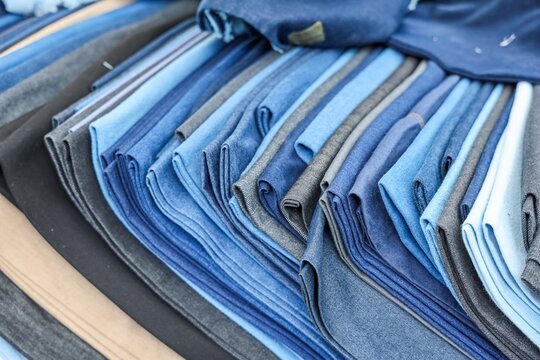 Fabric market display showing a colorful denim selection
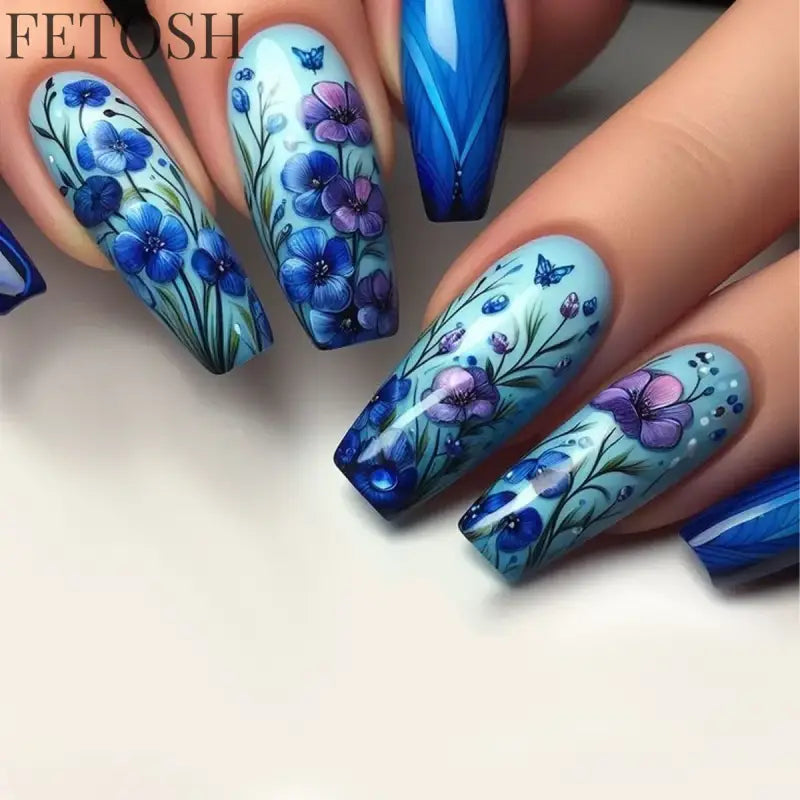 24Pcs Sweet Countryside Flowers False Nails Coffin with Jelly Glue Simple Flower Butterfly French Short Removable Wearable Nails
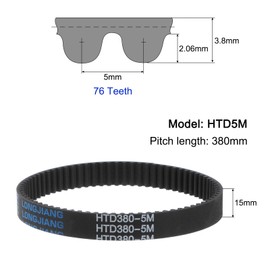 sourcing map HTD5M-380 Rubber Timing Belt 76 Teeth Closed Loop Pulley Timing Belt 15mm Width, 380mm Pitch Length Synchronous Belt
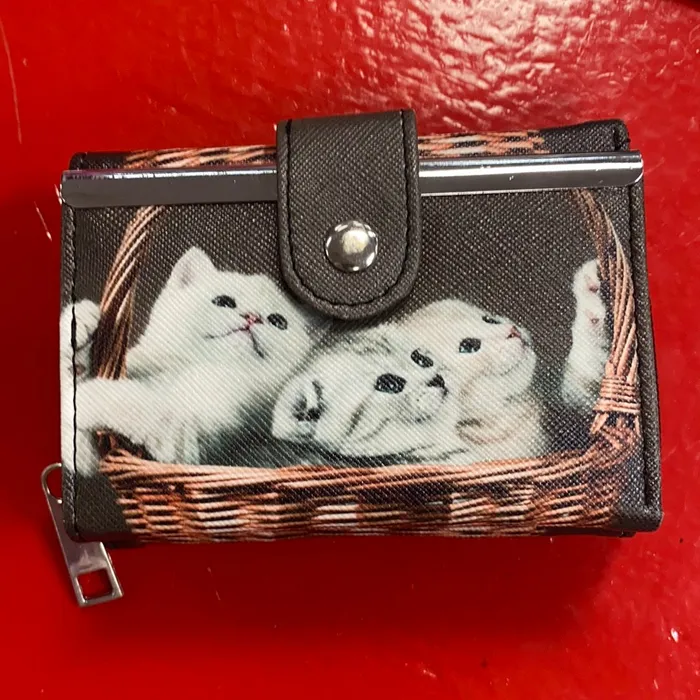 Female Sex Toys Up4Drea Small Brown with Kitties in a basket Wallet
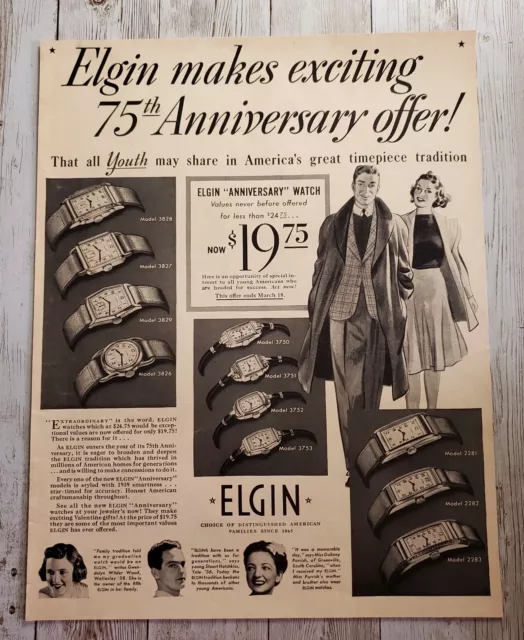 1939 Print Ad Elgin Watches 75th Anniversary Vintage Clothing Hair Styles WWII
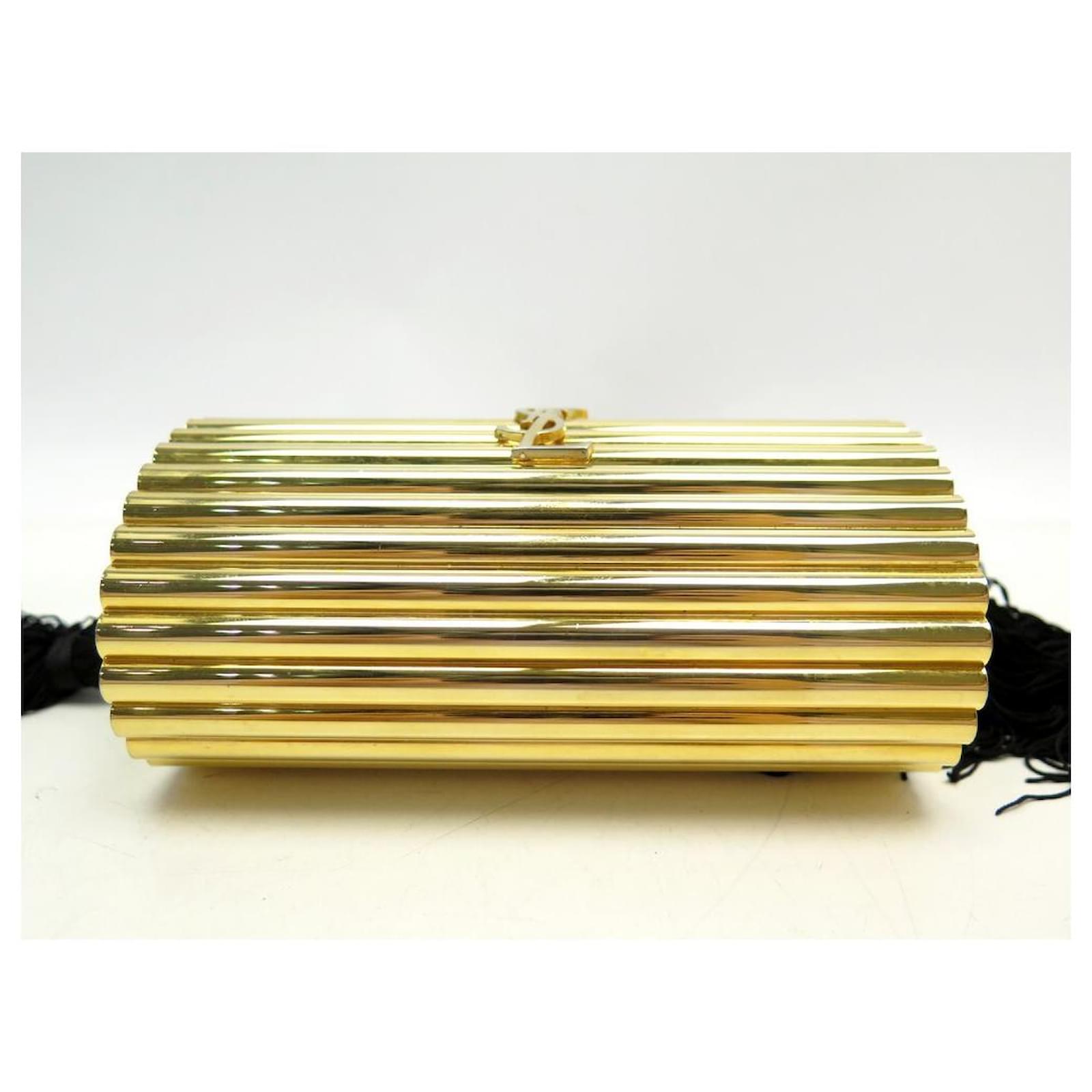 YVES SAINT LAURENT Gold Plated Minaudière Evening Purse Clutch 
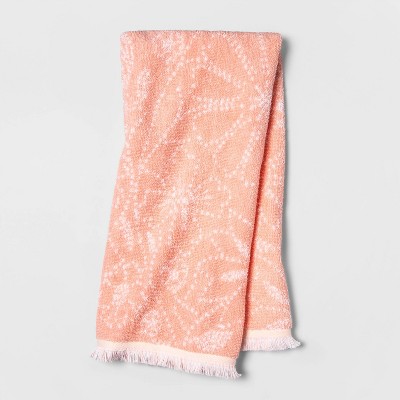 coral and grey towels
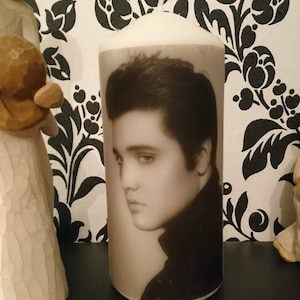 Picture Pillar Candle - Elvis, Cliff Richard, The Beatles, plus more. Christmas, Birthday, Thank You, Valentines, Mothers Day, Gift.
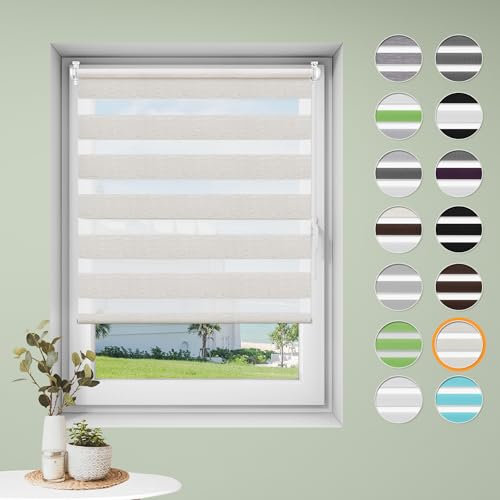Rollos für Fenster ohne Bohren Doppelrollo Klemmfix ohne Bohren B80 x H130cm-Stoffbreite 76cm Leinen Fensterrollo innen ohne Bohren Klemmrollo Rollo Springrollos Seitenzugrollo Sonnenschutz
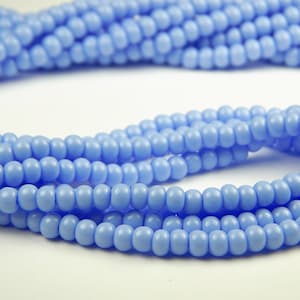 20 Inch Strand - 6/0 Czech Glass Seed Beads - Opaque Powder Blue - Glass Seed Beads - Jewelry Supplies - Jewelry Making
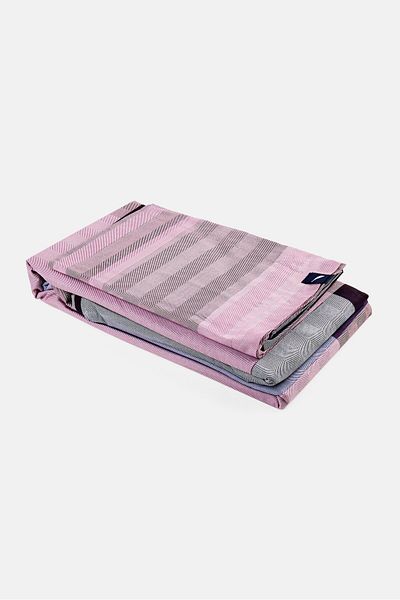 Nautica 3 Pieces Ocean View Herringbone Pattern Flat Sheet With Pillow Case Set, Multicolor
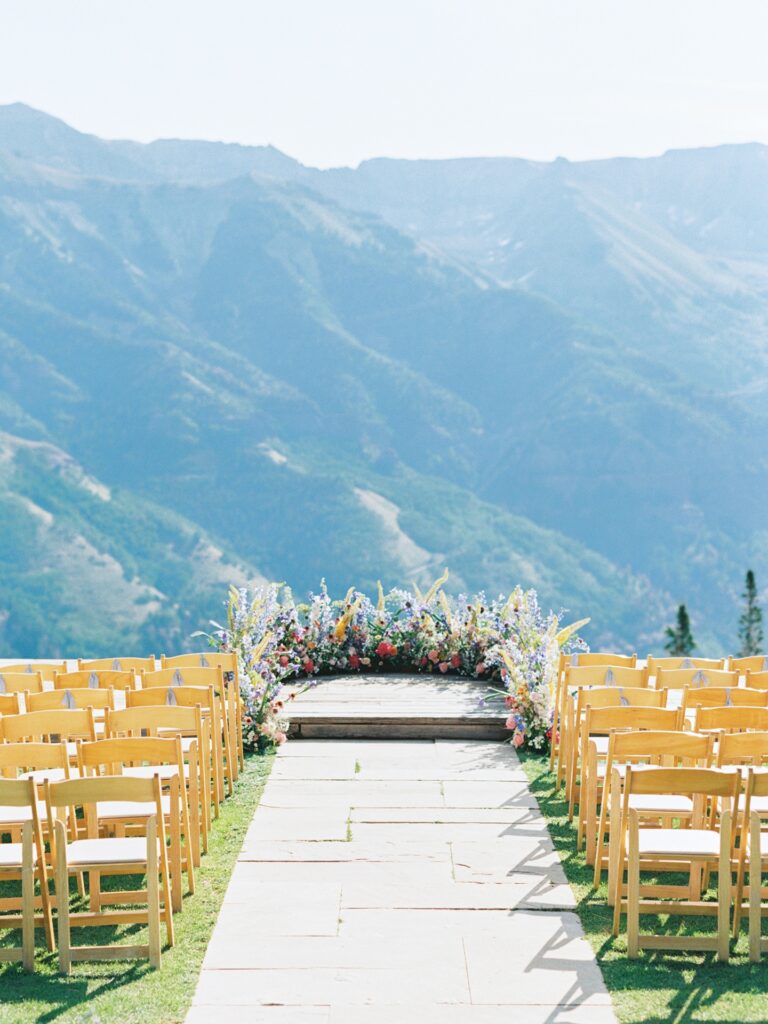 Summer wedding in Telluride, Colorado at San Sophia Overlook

○ ○ ○ ○ ○

__WHAT IS NEEDED__: Repeat exactly the lines above, from the line containing "Nautica 3 Pieces" through the last line of the records, inclusive; omit any pictures.

__REPLY TO THE TASK__:
 Nautica 3 Pieces Ocean View Herringbone Pattern Flat Sheet With Pillow Case Set, Multicolor
 Summer wedding in Telluride, Colorado at San Sophia Overlook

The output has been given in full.